>>

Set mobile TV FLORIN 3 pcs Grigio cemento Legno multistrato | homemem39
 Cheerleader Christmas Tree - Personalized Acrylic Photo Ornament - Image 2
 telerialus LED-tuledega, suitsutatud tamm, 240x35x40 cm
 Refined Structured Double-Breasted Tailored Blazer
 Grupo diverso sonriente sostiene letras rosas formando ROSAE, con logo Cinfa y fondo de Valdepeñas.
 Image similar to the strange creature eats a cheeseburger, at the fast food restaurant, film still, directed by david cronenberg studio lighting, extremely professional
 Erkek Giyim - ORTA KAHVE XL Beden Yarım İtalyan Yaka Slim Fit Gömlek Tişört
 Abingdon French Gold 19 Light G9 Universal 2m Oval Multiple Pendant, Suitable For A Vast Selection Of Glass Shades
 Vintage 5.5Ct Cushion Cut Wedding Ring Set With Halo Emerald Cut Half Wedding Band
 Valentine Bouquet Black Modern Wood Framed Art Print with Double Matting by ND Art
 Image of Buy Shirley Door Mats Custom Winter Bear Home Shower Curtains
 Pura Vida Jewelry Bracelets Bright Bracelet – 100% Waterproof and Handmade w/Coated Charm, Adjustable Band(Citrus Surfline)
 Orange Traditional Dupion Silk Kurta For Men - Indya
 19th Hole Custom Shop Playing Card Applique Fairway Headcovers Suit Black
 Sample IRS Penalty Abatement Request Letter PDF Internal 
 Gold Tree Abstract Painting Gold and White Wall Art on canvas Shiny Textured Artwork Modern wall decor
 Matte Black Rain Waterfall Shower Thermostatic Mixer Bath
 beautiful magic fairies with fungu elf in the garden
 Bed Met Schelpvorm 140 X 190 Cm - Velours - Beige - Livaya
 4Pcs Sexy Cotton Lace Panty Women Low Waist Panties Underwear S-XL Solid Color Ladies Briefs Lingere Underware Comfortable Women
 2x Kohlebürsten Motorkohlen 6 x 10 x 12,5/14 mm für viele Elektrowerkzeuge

<<

(Task to carry out) Above are some records; copy exactly the lines from the one with "Gold Tree Abstract" through the one with "Bed Met Schelpvorm", both included, and no others.

(The completed task)
 Gold Tree Abstract Painting Gold and White Wall Art on canvas Shiny Textured Artwork Modern wall decor
 Matte Black Rain Waterfall Shower Thermostatic Mixer Bath
 beautiful magic fairies with fungu elf in the garden
 Bed Met Schelpvorm 140 X 190 Cm - Velours - Beige - Livaya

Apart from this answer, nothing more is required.